Compiled from the Performing Arts programmes* and Visual Arts exhibition records from HKADC’s Arts Yearbooks and Annual Arts Survey projects dating from 2010.

The Artistic Universe of Irene Chou

Author : Mayching Kao
Art Form : Visual Arts
Year : 2012

Irene Chou (Zhou Luyun, 1924-2011), a renowned painter, started to learn ink painting at the age of twenty-six. She learnt from Chao Shaoan and Lui Shou-kwan and had built a firm foundation in traditional ink painting. Chou created her own style after numerous explorations and established herself as one of the pioneers in the history of modern ink painting. This essay is a thorough account of Chou’s art of different stages. In the 1950s, Chou had been a diligent follower of her teacher’s works. In the 1960s, Chou sketched the nature, learnt from Lui Shou-Kwan (who was advocating “New Ink Painting Movement” at that point of time), studied calligraphy and practiced qigong.

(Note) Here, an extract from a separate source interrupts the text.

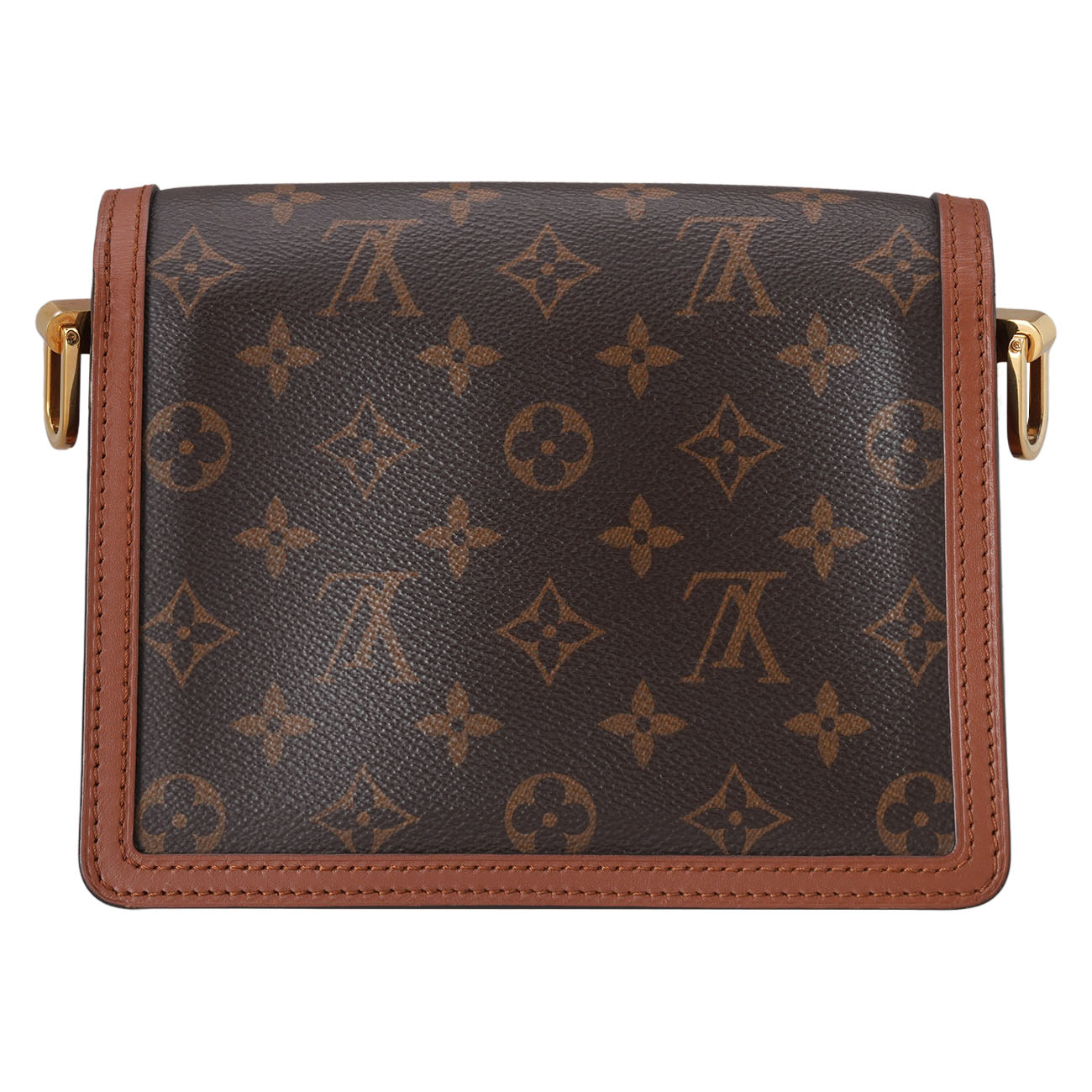 LOUIS VUITTON(USED)루이비통 M44580 미니 도핀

By the early 1970s, Chou created her signature “Line Works.” Chou’s “Dark Paintings” series in the mid-70s came out after the decease of her teacher and husband. In the 1980s, influenced by the Neo-Confucian thinker Lu Jiuyuan (Southern Song Dynasty), Chou created her own visual language with signs and symbols. After her recovery from a stroke attack in 1991, she moved to Australia, and continued her quest for innovation for another two decades. Calling herself “an ordinary woman”, Chou’s paintings are internationally recognized and her life is indeed everything but ordinary.